MicroEMACS supports reading and writing text files encoded with UTF-8, a byte-oriented encoding of Unicode. UTF-8 can be thought of as a superset of ASCII: bytes less then 0x80 are identical to ASCII, and bytes greater than or equal to 0x80 are always parts of UTF-8 sequences. UTF-8 characters vary in length from one byte (ASCII) to six bytes, though four bytes is the longest typically seen.

Internally, Microemacs stores lines of text in their original UTF-8 encoding, but displays multibyte UTF-8 sequences to the user as single Unicode characters in the range 0x80 to 0xffff. Unicode characters greater then 0xffff are not supported; in practice these characters are extremely rare.

For the most part, MicroEMACS is able to display UTF-8 characters correctly, with the exception of non-spacing or combining characters. The display of these characters is undefined: sometimes they show up as modifiers of subsequent characters, or as blanks, or as a lowercase 'x' with a modifier.

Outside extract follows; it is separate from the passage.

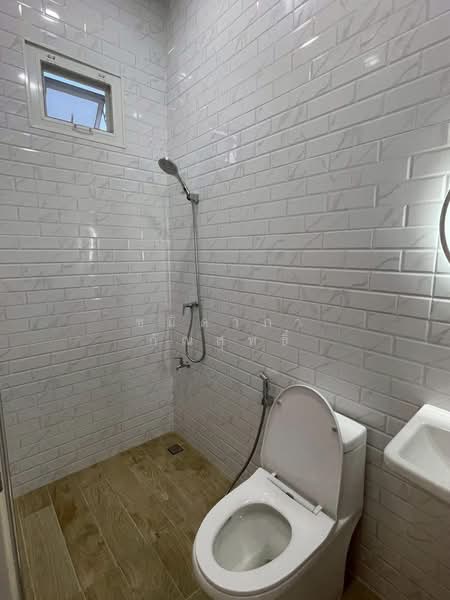 ทาวน์โฮม ใจกลางเมืองหาดใหญ่, Songkhla, Hat-Yai, Hat Yai, Songkhla, 3 Bedrooms, 185 sqm, Townhouse For Sale, by ชนิดาภา กัณสุทธิ์, 500162444 - DDproperty.com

On Linux, most terminal programs support a standard method for entering Unicode characters at the keyboard: hold down Ctrl and Shift, then press and release 'u', then release Ctrl and Shift, then enter the hex digits of the Unicode character followed by the Enter key. This method works when entering characters at prompts in the echo line, or while entering text in the edit buffer.

If this method doesn't work, you can still enter Unicode characters in the edit buffer using the following command:

M-C-U (unicode)

This command prompts you to enter a line of text containing the hexadecimal values of one or more Unicode characters. The hex values must not have a '0x' prefix, or any other prefix, and must be separated by spaces. MicroEMACS will then insert the corresponding UTF-8 characters into the current buffer.

As an example, entering the string e0 e1 e2 would insert the characters àáâ into the buffer.